Data map API

From Discovery Data Service
Revision as of 09:12, 27 May 2020 by DavidStables (talk | contribs)
Jump to navigation Jump to search

The mappings package is one of the 5 main component categories in the information model.

Information model packages - mappings.png

For the information model to be even more useful than simply a reference, it is helpful to map the constructs in the core information model to concrete implementations of data bases that hold data.

These maps support the automation of data population and retrieval, either via generation of the implementation specific data manipulation language (e.g. SQL or CYPHER), or by the parameterisation of application functions used by code.

Maps (or mappings) require three main types of resource:

  1. A source resource. i.e. the thing that is mapped from
  2. Intermediate data manipulation rules that operate on the data between source and target
  3. Target resource. i.e. the thing that is mapped to from the source


Mapping pipeline

As the information model takes data from many sources and maps to an abstract common model. The core databases in Discovery itself represents the common model via a set of implementation specific schemas. Thus the core Discovery data schemas are themselves mapped from the core model.

Thus mappings may be used both by subscriber databases and publisher databases and both inside and outside of Discovery.

Furthermore, it can be seen from the logical 2 step mappings that it is equally practical for clients to consider a direct map from source to destination knowing that it has mapped to the common model as part of the process. This contrasts this style of mapping to conventional integration mappings that map from many to many directly.

To more easily demonstrate how mappings work, there is a working example showing a walk through of the use of the mapping API using the resource examples illustrated below

Implementation schema resources

DB Schema class

Before doing any mappings, it is necessary to model a target schema in order to map to it.

Implementation schema resources are a set of objects of the class DBSchema (to the right)

The class is designed as a simple entity relationship class with 2 additional properties:

  1. The name of the table's extension tables. These are optional triple tables designed so that a schema can continue to extend to additional properties and values using the information model to determine the properties and data types. This avoids the need to continually change the relational schema with new data items.
  2. The name of the field holding the subtype indicator. This is described as the entity subtype attribute.

The following is an example of a snippet from an encounter table:

A schema table example showing extension table and subtype field

{"DBSchema": {
      "DBSchemaName": "Compass_version_1",
      "DBTable": {
        "DBTableName": "encounter",
        "DBExtensionTable": {
          "DBTableName": "encounter_extension"
        },
        "DBSubTypeField": "type" } } }


Original source Resources

Every map has a source and target. From the perspective of the information model an 'original source' represents a data model created from original source data i.e. is likely to be a relational or json representation of publisher data that might have been delivered as HL7 V2, XML, JSON, CSV or pipe delimited flat files. Source resources are therefore not representations of the actual data, but representations of a model that would be used when transforming to the common model.

Source resource description

It is assumed that a source may contain many tables, each with many fields, each with many values including text.

Furthermore, there many be differences between one provider and another using the same system, and different versions of the system.

Thus there is a need to provide context. Each element of source data inherits the context so that the mapping API can recognise the context with each request. The Original source resource object reflects a single logical thing to map. In most cases this will be a single field and single value. However, in some cases (such as free text sources), the source is derived from a list of fields, each with certain values.

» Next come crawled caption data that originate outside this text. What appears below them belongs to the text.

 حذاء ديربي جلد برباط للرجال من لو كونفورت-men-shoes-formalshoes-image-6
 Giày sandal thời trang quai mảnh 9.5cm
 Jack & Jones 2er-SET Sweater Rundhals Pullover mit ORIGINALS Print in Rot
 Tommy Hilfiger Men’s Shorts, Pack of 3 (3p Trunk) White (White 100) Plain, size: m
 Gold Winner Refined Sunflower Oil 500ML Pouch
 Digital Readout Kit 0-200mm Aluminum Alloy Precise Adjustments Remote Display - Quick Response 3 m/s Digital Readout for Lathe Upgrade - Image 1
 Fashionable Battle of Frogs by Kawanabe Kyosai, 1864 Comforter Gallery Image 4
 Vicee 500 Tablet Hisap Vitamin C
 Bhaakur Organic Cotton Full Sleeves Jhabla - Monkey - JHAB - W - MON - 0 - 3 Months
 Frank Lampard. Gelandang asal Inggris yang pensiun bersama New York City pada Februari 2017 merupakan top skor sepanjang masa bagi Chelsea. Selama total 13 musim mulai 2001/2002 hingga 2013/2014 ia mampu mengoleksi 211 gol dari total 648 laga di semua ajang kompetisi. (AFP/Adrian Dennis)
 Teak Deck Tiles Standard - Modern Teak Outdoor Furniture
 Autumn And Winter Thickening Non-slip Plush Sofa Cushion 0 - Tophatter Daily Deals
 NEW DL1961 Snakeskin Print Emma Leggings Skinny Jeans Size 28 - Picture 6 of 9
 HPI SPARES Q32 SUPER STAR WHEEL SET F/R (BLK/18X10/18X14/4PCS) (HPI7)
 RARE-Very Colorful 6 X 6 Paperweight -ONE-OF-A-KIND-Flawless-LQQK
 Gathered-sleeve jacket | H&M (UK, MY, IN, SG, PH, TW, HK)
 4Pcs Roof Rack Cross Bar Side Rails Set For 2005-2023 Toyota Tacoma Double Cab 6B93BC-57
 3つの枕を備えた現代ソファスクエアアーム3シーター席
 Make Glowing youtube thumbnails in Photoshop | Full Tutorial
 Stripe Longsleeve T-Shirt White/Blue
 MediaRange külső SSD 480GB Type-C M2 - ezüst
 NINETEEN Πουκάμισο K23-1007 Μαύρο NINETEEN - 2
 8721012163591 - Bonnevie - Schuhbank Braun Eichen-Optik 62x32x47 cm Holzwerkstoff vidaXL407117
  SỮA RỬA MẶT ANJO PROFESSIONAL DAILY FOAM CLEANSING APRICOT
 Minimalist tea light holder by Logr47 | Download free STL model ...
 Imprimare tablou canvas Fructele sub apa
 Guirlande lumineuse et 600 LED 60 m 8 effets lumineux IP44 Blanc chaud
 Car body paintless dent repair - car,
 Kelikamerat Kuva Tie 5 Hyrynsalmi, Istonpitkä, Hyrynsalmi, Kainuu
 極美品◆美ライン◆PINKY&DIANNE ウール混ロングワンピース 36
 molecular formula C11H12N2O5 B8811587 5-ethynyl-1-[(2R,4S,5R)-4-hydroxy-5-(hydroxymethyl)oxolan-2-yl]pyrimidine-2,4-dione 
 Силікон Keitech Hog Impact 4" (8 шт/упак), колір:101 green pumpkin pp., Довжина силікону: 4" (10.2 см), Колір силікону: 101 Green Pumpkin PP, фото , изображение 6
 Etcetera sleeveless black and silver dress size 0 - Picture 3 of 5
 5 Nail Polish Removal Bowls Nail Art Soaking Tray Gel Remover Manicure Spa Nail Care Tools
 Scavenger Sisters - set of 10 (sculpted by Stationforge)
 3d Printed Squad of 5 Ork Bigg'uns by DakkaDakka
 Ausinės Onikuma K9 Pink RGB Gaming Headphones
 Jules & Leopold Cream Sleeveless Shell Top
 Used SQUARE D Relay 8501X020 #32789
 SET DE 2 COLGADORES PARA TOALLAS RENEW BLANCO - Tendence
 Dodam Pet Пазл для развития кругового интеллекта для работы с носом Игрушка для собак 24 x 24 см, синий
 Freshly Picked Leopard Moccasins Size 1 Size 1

For example, a piece of text saying "negative", when contextualised as a result against a test for 'Hepatitis B surface antigen' would use compound context consisting of the table, the test field, the test code, the result field and the result text of negative.

An example original source object from a CDS admitted patient care record with a value of '1' for the admitted patient classification

 { "OriginalSource": {
          "Provider": "Barts",
          "System": "CernerMillenium",
          "Context": {
            "id": 1,
            "Table": "APC",
            "Field": "PATIENT_CLASSIFICATION_CODE",
            "Value": 1 } }

The original source resource would be used as part of a mapping request submitted via the API

Information model target resource

The common information model target resource is the target of the map from the original source as is delivered as part of the IM mapping API response.